- Instructions for the task: Apart from the pictures, write out all the records exactly.

- Caption-style text data:
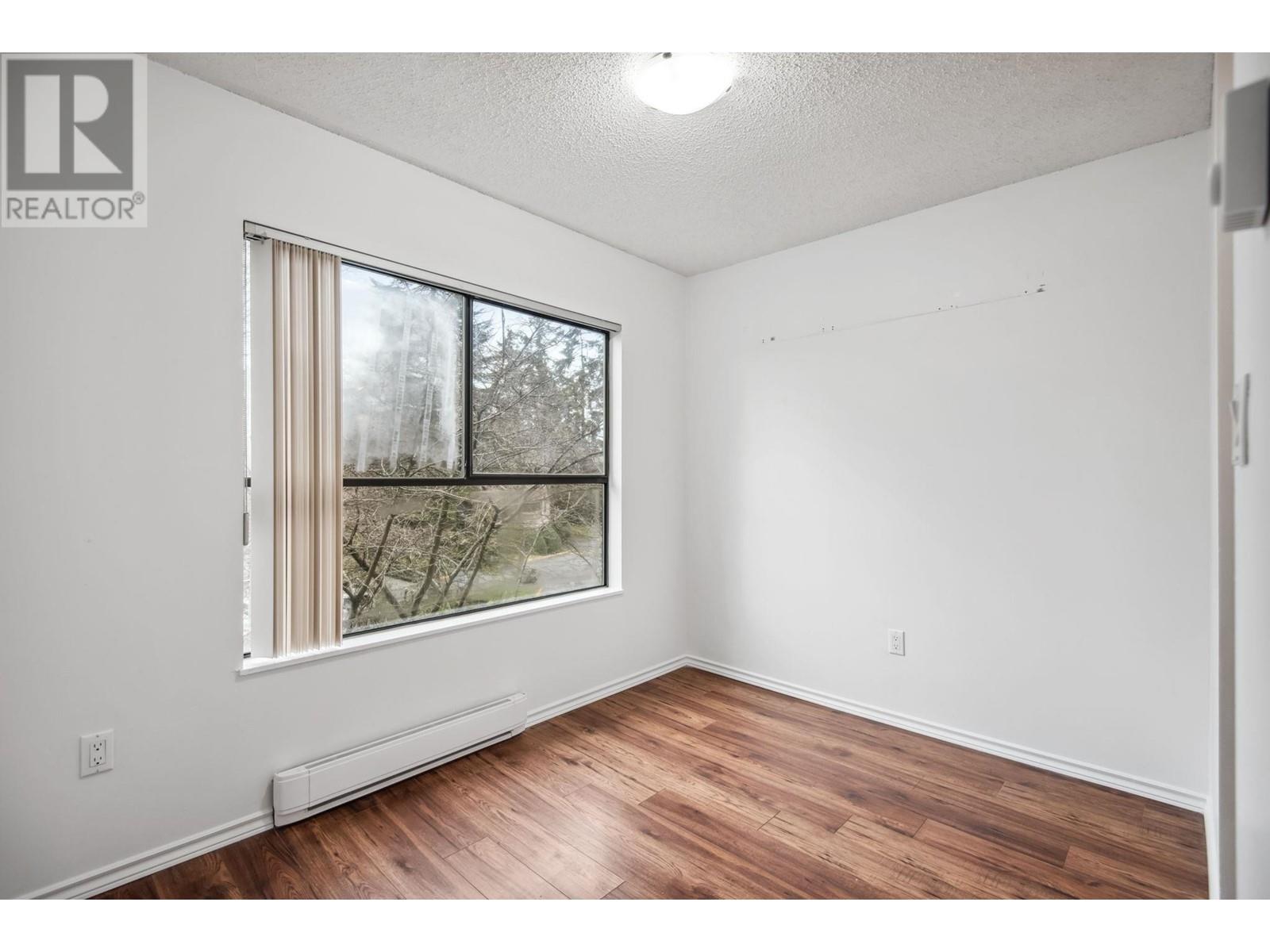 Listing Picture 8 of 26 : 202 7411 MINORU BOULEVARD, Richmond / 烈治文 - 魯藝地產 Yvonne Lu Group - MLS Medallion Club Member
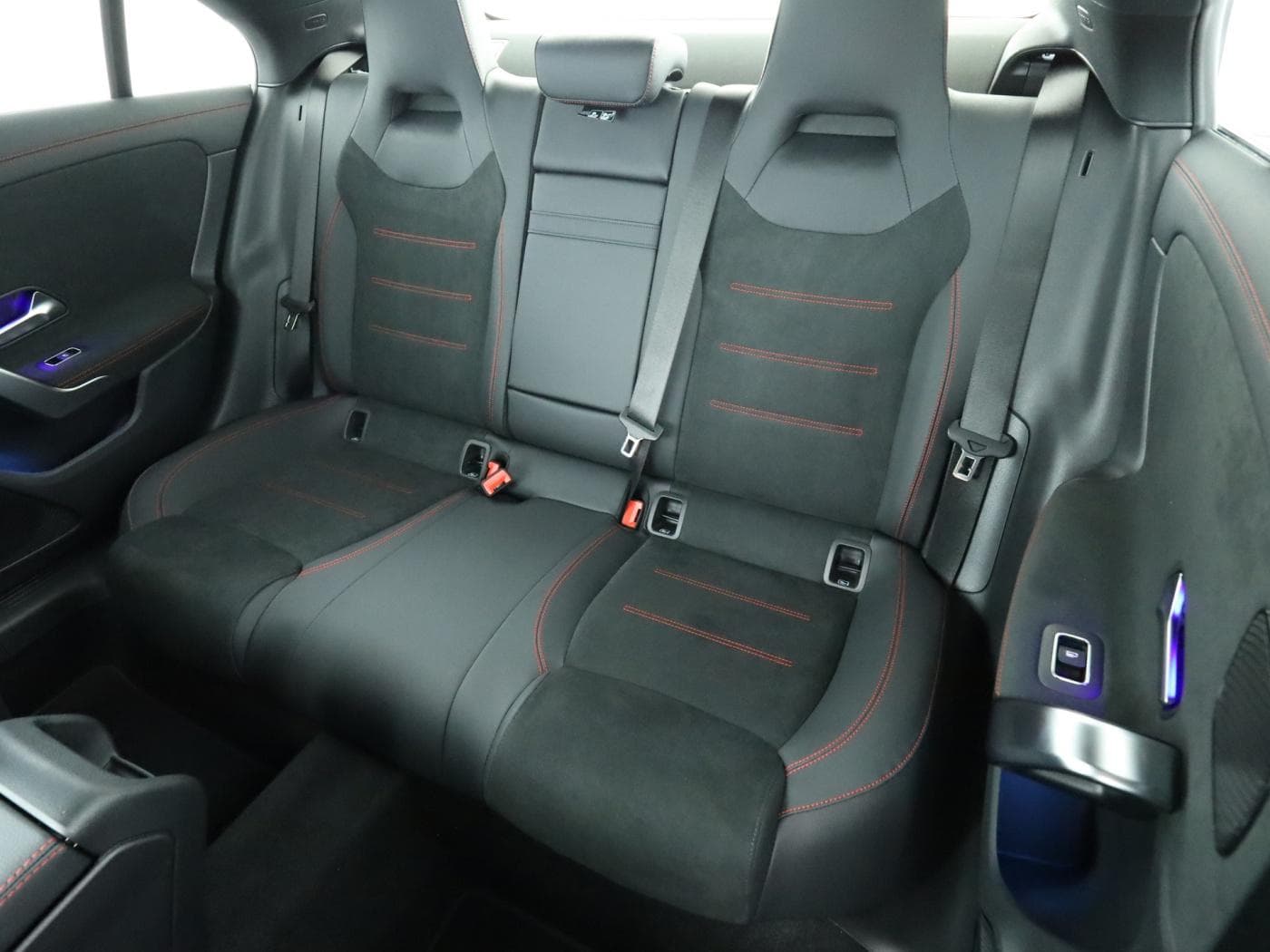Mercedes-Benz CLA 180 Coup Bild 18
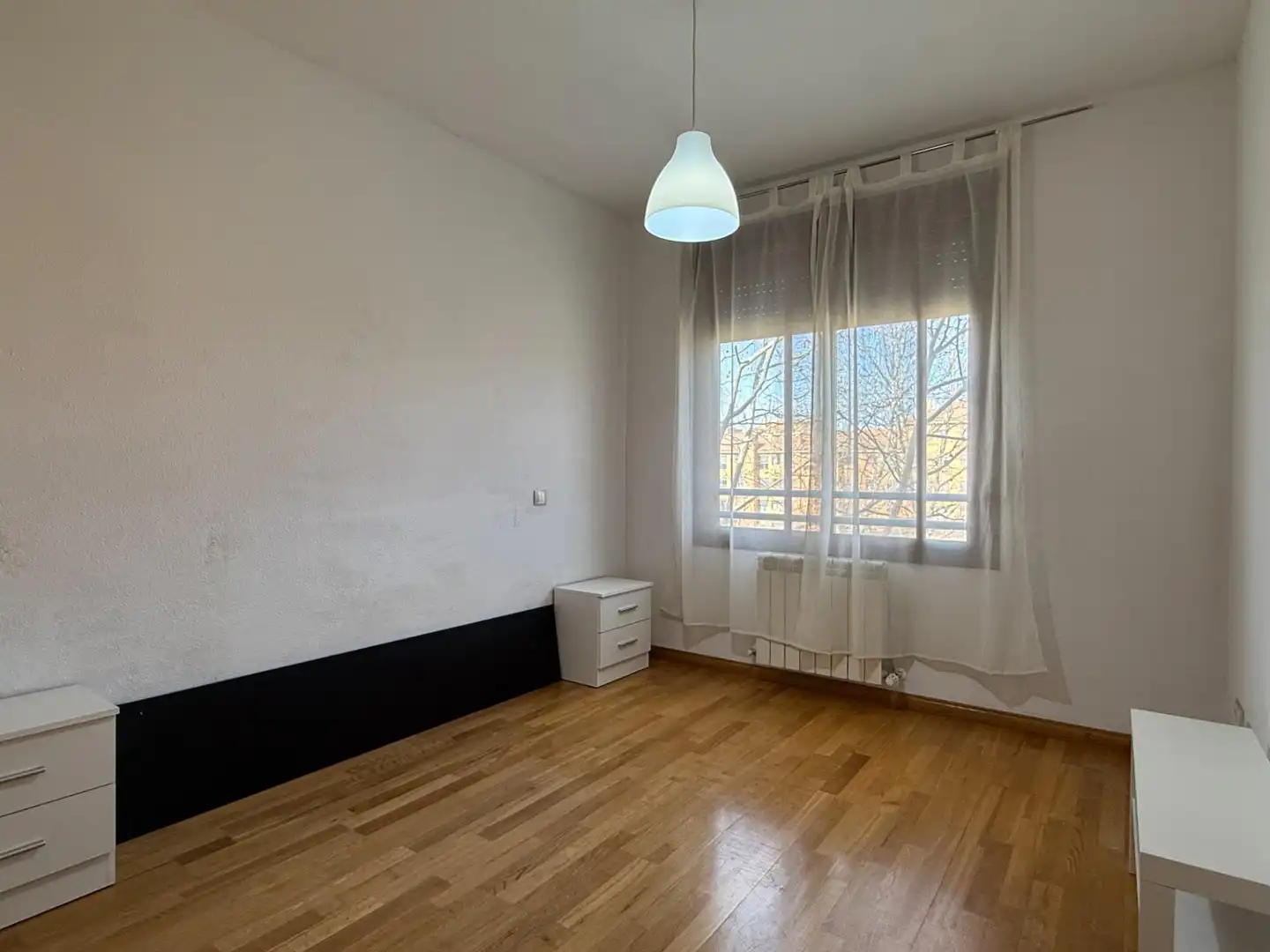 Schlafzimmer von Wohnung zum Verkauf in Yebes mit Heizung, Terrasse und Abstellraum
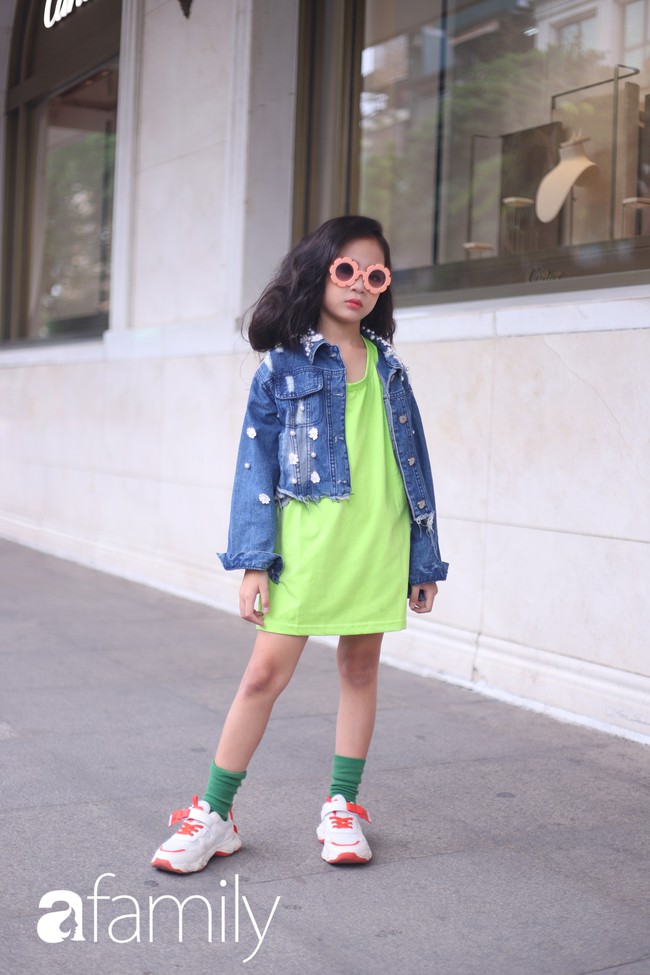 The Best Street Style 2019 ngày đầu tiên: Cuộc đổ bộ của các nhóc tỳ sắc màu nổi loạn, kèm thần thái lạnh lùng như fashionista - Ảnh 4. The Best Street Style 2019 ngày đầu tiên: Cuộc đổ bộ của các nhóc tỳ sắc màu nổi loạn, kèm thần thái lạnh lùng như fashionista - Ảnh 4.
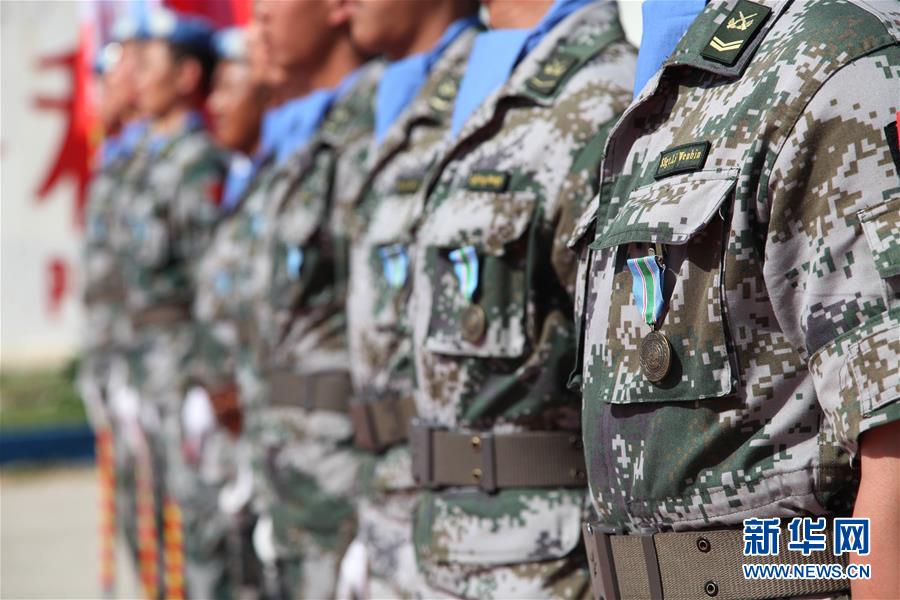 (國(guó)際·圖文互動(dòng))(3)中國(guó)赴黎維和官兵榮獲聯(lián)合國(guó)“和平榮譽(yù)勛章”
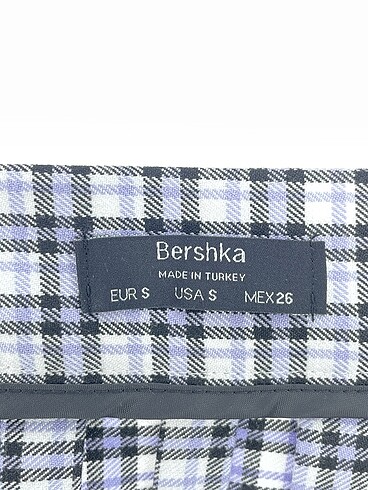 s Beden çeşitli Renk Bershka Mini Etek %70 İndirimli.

- Answer to this task:
 Listing Picture 8 of 26 : 202 7411 MINORU BOULEVARD, Richmond / 烈治文 - 魯藝地產 Yvonne Lu Group - MLS Medallion Club Member
Mercedes-Benz CLA 180 Coup Bild 18
 Schlafzimmer von Wohnung zum Verkauf in Yebes mit Heizung, Terrasse und Abstellraum
 The Best Street Style 2019 ngày đầu tiên: Cuộc đổ bộ của các nhóc tỳ sắc màu nổi loạn, kèm thần thái lạnh lùng như fashionista - Ảnh 4. The Best Street Style 2019 ngày đầu tiên: Cuộc đổ bộ của các nhóc tỳ sắc màu nổi loạn, kèm thần thái lạnh lùng như fashionista - Ảnh 4.
 (國(guó)際·圖文互動(dòng))(3)中國(guó)赴黎維和官兵榮獲聯(lián)合國(guó)“和平榮譽(yù)勛章”
 s Beden çeşitli Renk Bershka Mini Etek %70 İndirimli.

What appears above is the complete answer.